As an additional tool to bring this transformation about, the district is using the AASA’s Learning 2025 model as an organizing framework. Learning 2025 calls for a redesign of the public education system by 2025, with an emphasis on student-centered, equity-focused education.

Along the way, Moyer and his staff are navigating the social and development consequences of young people being disconnected from schools. The youngest students, in particular, have missed opportunities to learn about norms for interaction in the setting of a school.

“It’s a challenge to create this environment again, where everyone is interacting and working together, working through disagreements and getting on the same page about why we’re here and what we’re trying to do,” says Moyer.

This process extends beyond the school itself and includes educating the community about the changes the district is implementing, how might they make schools look different than the schools parents remember and how the district’s new approach can better prepare students for success after they have graduated.
New Jersey parents protesting mask mandates.
New Jersey parents protest mask mandates.
(Peter Ackerman/TNS)

The Last Stumbling Block


In communities where vaccination rates are high and infection rates are low, kids are back in school and things are close to normal, says AASA’s Dan Domenech. “The stumbling block right now is reluctance on the part of people to wear masks and to get vaccinated. Eventually we’ll get past that, and once we do the energy is there to redesign education — we need to admit that our educational system is antiquated, and certainly not in keeping with the 21st century.”

Johannah Vanatta is superintendent of the Chartiers Valley School District, a suburban district southwest of Pittsburgh. She saw students grow during the pandemic, learning how to move past texting and compose emails that truly communicated, and develop new capacity to problem solve.

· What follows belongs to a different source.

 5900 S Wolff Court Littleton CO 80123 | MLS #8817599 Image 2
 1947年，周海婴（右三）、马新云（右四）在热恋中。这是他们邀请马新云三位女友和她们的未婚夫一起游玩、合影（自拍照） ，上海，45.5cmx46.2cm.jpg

“Those are life lessons and life skills that they will remember,” she says. “I’m actually very excited about the creative learning and problem solving that’s going to come out of this generation.”

The pandemic created a new level of urgency to fix problems in education that have existed for a long time, says Dave Moyer. People might like binary, yes-no solutions, but they aren’t enough to solve the complex problems of the 21st century.

“We’re going to have to stand in the fire and get our system and our people in a place where they can ensure that our kids are ready to be successful in life when they leave our K-12 programs.”